To cite only one example, recent patterns of disease suggest that we need to consider the difficulties caused by the fact that some people really like to kill and eat forest animals even when other food options are available, and that some people like to consume cheeseburgers no matter how many cautionary calorie charts are posted or less artery-clogging food options placed on the menu. But there are also ample numbers of West African and Midwestern American young professionals lining up at the same low-calorie food purveyors in spite of their grandparents’ preference for bush meat or burgers. Some of them even share the same opinions regarding the ecological and epidemiological consequences of socially mediated choices, as well as the consequences for their personal health. And many of them probably hold divergent opinions on ashé (including simply knowing the term) and on the legitimacy of banging away at deer in hunting season in America.

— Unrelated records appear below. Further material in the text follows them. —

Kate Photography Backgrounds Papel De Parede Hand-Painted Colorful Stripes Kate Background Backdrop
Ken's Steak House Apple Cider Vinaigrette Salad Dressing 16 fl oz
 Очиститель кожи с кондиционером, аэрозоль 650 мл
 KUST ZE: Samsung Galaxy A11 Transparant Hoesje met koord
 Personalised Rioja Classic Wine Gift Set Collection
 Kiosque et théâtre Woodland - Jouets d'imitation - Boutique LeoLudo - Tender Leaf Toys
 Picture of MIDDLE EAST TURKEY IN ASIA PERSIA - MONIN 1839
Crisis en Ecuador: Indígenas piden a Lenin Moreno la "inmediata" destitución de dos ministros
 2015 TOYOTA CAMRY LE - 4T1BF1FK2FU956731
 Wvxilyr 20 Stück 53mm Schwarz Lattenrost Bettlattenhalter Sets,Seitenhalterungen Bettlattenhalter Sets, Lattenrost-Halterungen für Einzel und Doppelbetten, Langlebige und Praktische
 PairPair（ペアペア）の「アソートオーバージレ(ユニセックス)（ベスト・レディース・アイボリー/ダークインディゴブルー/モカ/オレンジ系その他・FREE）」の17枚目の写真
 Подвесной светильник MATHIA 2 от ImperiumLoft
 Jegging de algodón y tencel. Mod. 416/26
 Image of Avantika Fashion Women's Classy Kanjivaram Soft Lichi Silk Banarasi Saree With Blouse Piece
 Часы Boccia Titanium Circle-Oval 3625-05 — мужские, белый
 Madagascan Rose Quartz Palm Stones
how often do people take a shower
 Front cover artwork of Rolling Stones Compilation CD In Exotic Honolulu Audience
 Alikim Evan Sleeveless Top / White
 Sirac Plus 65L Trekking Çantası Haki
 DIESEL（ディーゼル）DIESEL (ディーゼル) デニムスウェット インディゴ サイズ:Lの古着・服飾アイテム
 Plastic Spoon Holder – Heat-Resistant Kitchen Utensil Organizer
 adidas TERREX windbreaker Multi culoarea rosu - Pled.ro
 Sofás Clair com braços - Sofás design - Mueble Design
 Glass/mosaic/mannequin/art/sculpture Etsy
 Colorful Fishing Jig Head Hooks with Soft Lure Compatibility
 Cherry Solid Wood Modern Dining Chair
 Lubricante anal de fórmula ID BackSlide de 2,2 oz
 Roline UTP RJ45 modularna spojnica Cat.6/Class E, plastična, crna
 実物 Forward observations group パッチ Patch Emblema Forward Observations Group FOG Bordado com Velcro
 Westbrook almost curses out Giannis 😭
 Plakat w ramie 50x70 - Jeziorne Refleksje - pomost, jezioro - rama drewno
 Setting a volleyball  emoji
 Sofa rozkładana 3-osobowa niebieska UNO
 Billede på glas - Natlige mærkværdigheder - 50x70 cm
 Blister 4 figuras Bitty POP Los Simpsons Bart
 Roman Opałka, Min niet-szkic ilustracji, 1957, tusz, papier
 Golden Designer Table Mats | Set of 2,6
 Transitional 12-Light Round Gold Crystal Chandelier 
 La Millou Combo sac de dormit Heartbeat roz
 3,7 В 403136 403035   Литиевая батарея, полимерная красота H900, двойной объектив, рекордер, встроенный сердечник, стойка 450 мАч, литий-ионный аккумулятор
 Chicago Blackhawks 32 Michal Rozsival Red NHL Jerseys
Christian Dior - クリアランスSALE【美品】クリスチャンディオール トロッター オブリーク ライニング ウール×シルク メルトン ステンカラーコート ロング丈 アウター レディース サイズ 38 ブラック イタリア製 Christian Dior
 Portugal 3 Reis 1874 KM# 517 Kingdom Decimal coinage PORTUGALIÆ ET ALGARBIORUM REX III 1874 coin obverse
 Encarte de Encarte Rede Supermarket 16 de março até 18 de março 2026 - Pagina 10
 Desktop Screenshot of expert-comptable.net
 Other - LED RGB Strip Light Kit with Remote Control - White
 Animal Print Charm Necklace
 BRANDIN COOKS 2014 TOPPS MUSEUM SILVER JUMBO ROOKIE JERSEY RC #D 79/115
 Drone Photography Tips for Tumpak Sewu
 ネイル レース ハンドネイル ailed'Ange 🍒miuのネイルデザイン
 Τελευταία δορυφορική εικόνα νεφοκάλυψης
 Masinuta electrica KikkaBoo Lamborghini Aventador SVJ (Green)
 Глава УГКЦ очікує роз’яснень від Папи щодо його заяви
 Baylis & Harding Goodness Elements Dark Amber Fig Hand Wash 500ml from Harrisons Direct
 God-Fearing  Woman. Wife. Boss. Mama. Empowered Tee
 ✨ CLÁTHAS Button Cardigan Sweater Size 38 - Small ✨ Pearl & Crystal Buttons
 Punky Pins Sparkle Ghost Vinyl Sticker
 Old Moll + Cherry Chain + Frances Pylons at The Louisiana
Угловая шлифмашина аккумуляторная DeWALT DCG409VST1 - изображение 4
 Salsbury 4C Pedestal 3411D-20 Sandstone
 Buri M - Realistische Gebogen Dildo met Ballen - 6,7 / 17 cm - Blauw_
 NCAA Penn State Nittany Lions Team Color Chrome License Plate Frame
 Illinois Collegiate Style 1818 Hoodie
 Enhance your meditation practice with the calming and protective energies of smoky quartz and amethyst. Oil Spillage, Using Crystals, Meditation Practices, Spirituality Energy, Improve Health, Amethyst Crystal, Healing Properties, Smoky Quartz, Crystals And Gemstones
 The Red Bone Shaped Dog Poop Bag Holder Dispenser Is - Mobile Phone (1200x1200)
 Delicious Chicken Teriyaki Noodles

But for those who try to discuss such topics as this outside a work of fiction, the topic of practical consequences will quickly be derailed by inquiries and objections about the problem of intercultural communication and who possesses the right to pass judgment on what sort of behavior.
In the meantime, the tipping points for a host of interconnected problems continue to arrive, and the choices narrow accordingly.
There is a clear need to move to Part Three here, but that is the larger area in which I need to discuss topics on which I have been accumulating books I was going to get around to reading someday, even as the topics themselves can barely be kept up to date in daily news reports on the consequences of the historical forces, without regard to the theories that might allow us to make sense of them. So I may never get round to writing that one, although miracles have been known to happen.
A bibliography of interesting titles, with a frank admission that I have only a fragmentary idea of the overall value of the books’ contents, may be the interim solution. Part Three, Beta Version
Actually, parts one and two are very much beta versions, with their own share of operating problems. But I hope I have made my point that human survival depends on the concomitant consideration of a variety of rapidly changing situations, despite all the reasons why this sort of consideration is not very likely to happen.
What we do about this is the topic of a Part Four that is even less likely to get written than Part Three, although I have implied in past essays some possible routes to addressing the problem.